Here are a few tips to stop that from happening. With just a few standard rules, your team will be able to breeze through scheduling across time zones:
Not only is this considerate of other coworkers, this principle is essential maintaining efficiency among team members. For example, it's not fair if for one team member, meetings are consistently scheduled at 4 a.m., while for everyone else, meetings take place at 3 in the afternoon. In this case, it would be unreasonable to expect the 3 a.m. team member to be as productive or focused as the rest of team who live on the same continent. Therefore, it may take some compromise and understanding to keep meetings at a time that is reasonable for everyone.
If it's simply not possible to create one standard meeting time that is fair (perhaps the team is international and spread too far), then you could consider rotating meeting times so that everyone gets a break from the unusual schedule every now and then. This isn't ideal, but it does encourage remote teams to sync more with their coworkers and be more attuned to the various work schedules happening within the team.
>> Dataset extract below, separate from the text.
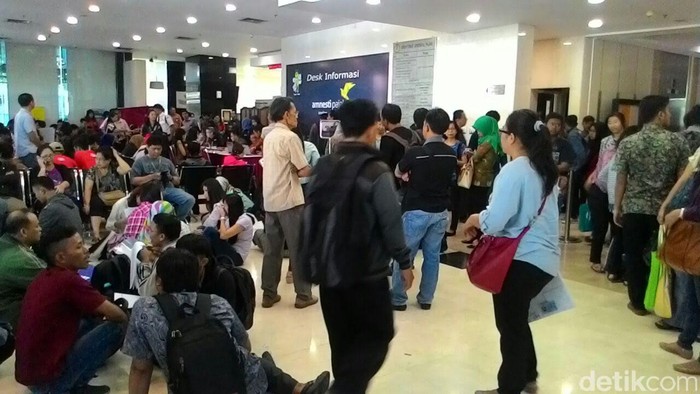 700 Orang Antre Tax Amnesty dari Jam 3 Subuh di Kantor Pajak Ini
Setting one official time zone for remote team meetings could prevent a lot of confusion, especially in fast-paced environments where deadlines and benchmarks are always changing. Once your team adopts an official time zone, it eliminates the need for questions at the end of every meeting or email clarifying which time zone is in question for the next meeting. For example, if your company has two locations, one in the U.S and one in Europe, it might be helpful to everyone if all meetings and projects were centered around the time zone of the headquarters (or the larger office). This allows everyone to easily be aware of the time difference for their location.
Having everyone in the company use the same tool to schedule meetings across time zones is crucial. While all time zones are based on GMT (also known as Greenwich Mean Time or UTC), different platforms often have confusing ways of displaying different time zones. Whatever project management or scheduling tools your team uses, be sure that everyone is on the same page. This may also help when navigating daylight savings times. As long as everyone is working around the same clock, there's no need to wonder whether New Zealand skips an hour ahead or who needs to adjust their schedule.
Tools like Google Calendar and Zoom have become ubiquitous among delocalized teams for their ability to clearly show multiple time zones at once for meeting invites.
In conversations with coworkers, there's no room for ambiguity when setting meeting times. Saying, "Let's meet around 4," in the group chat doesn't mean anything to someone who is working a few hours ahead or behind. Try to keep meeting times consistent and...timely (be strict about starting and stopping meetings on time!). While it is ideal that everyone on the team is well-acquainted with each other's calendar and daily schedule, that's rarely the case. It's important for every member to schedule or request meetings with the consideration that people may have several other things they need to schedule into their day. So sending a meeting invite and then postponing the time several times throughout the day is a surefire way to annoy your coworkers and even impede communication. In the end, when you are precise with your meeting invites, you are being considerate of your coworkers' time.
Running a remote team across time zones requires expert people skills, so it's important to maintain the flow of communication constantly with internal messaging boards and emails. As a remote team manager, it's essential to show everyone on the team that they are a valued member, not just an optional addition to various meetings. Working remotely can be an isolating experience for some people, especially when their team only meets strictly for business for a few minutes at a time. Taking some time for real-time conversations, whether it's through messaging or impromptu calls, is a large part of making remote team members feel included and invested in the business.